Technology, the science of craft, has many effects on our world. From its positive advancement to its negative consequences, the development of technology is unavoidable. 2016 has been a challenging year for many and yet there has also been great advancement from the world of technology.

We take a look at this year’s timeline in the world of technology as the year comes to an end. Perhaps, it’s good to start with a positive outlook. In January 2016, the American Cancer Society reported a 23 per cent drop in the cancer death rate since 1991. And no, it’s not due to the fact that there are fewer smokers now but rather the fact that technology has helped the health industry in advancing towards treatment as well as early detection of diseases.

February brought forth news that UK scientists had been given the green light by its Human Fertilisation and Embryology Authority to genetically modify human embryos. Scary right? Imagine what this technology, if successful, will bring to our world. Perhaps, a series of designer babies or a new generation born perfect? Having said that, many scientists also believe that this science is poised to cross an ethical line.

Another interesting development in science was a report that more positive technology ups were also reported where researchers have found a way to extend the life of mice, and Unity Biotechnology is working to bring this technology to humans.

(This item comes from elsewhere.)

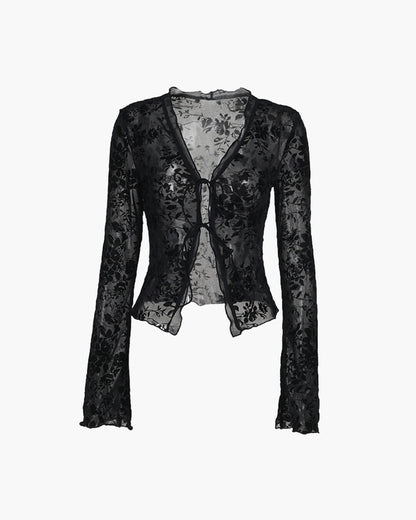 SOKYND Sophia Tie Front Lace Blouse TopsSOKYND-189975-L-OS-07671L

2016 also saw more advancement in artificial intelligence (AI). Google reported that it could now determine the location of almost any picture with superhuman ability via a neural network technology. It also supplemented the Google Photo service with image captioning AI that can describe photos with 94 per cent accuracy. And, adding to its foray into AI, Google’s AlphaGo defeated the world champion at the complex board game of Go.

Virtual Reality (VR) became more of a reality. Over three million VR units were sold this year. It seems that everyone wants to join the VR world, as if our world isn’t exciting enough.

In May, Foxconn replaced 60,000 employees with robots. Though this may be more towards a corporation’s interest, we can’t help but accept that technology does help simplify process and control quality as well as generate more profits for industrial giants. We can still be positive as there will always be certain jobs that cannot be done by robots.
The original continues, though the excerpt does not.